[Opening Supplied material section]
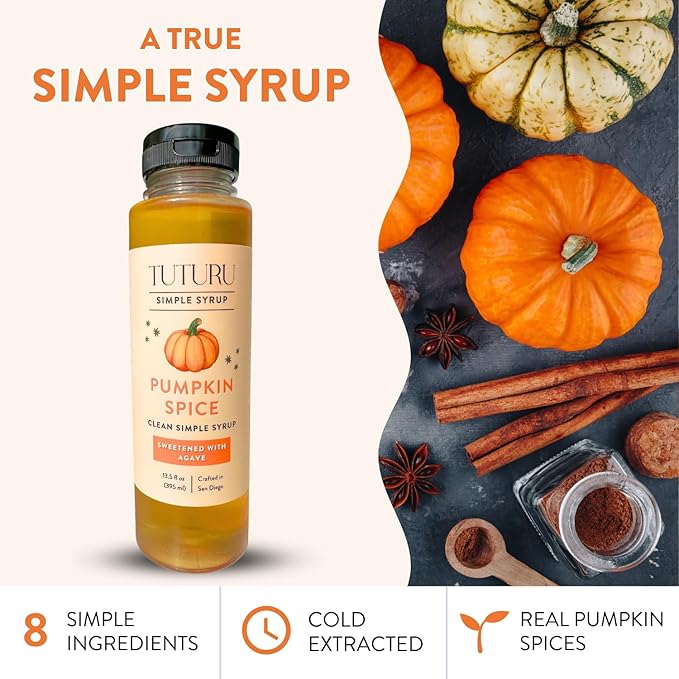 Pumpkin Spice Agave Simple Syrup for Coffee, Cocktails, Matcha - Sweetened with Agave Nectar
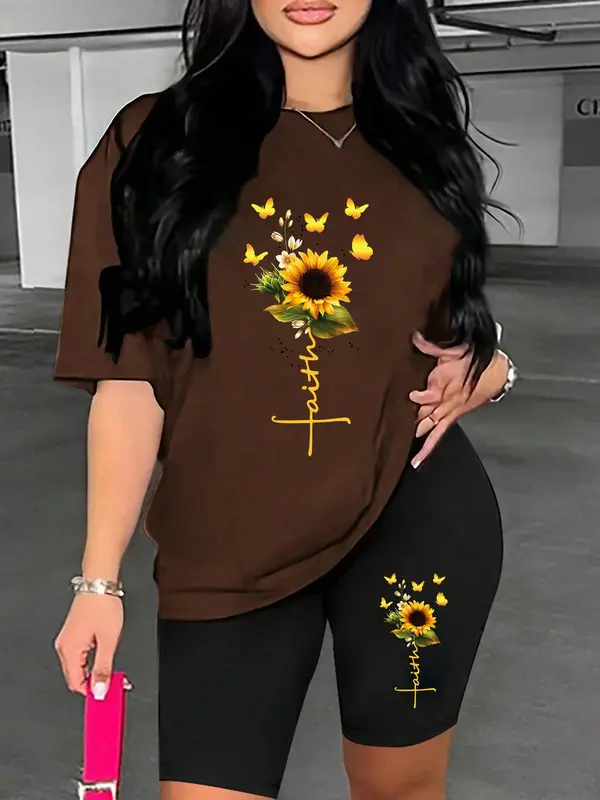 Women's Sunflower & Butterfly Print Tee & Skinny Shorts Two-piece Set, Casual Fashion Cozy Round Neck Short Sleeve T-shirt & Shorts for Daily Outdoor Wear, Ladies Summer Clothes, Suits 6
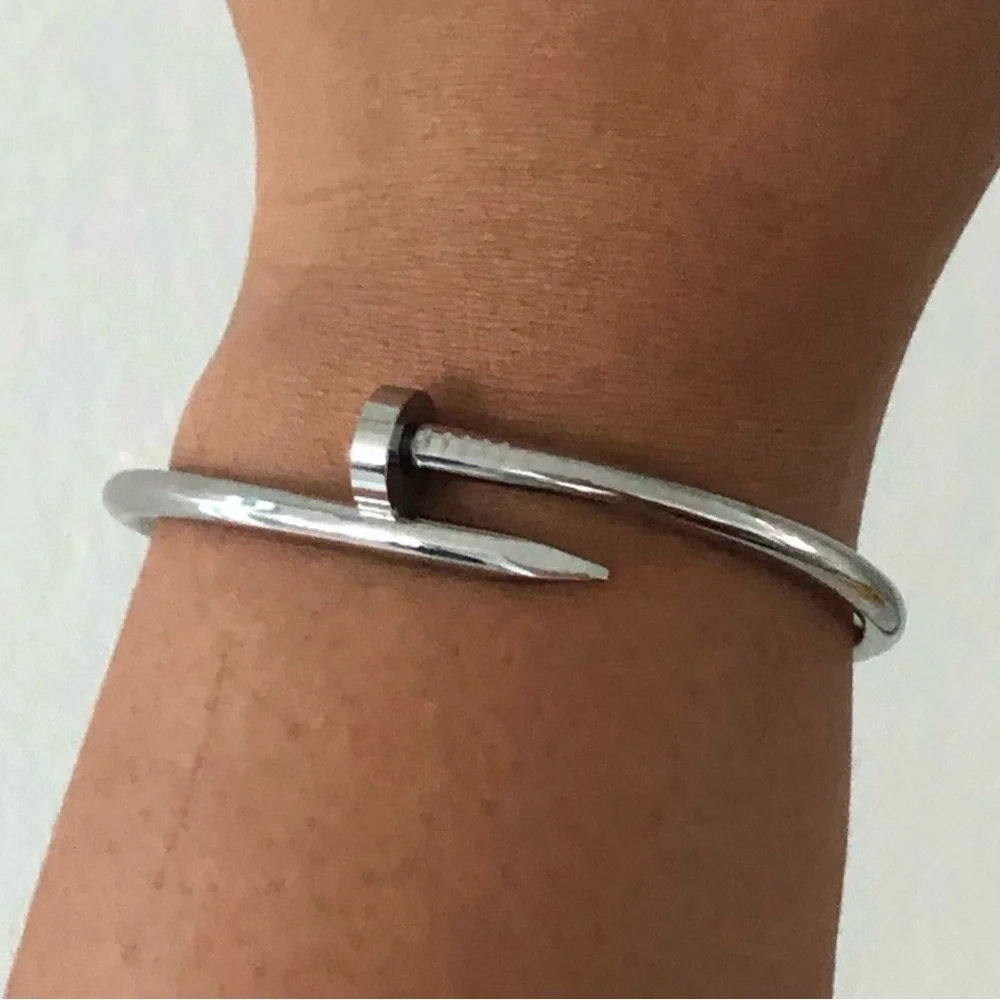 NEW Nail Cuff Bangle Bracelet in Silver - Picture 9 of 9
[Closing Supplied material section]
• _Directions_:
Repeat all of the listing above word for word, and exclude the pictures.

• _Output_:
 Pumpkin Spice Agave Simple Syrup for Coffee, Cocktails, Matcha - Sweetened with Agave Nectar
 Women's Sunflower & Butterfly Print Tee & Skinny Shorts Two-piece Set, Casual Fashion Cozy Round Neck Short Sleeve T-shirt & Shorts for Daily Outdoor Wear, Ladies Summer Clothes, Suits 6
 NEW Nail Cuff Bangle Bracelet in Silver - Picture 9 of 9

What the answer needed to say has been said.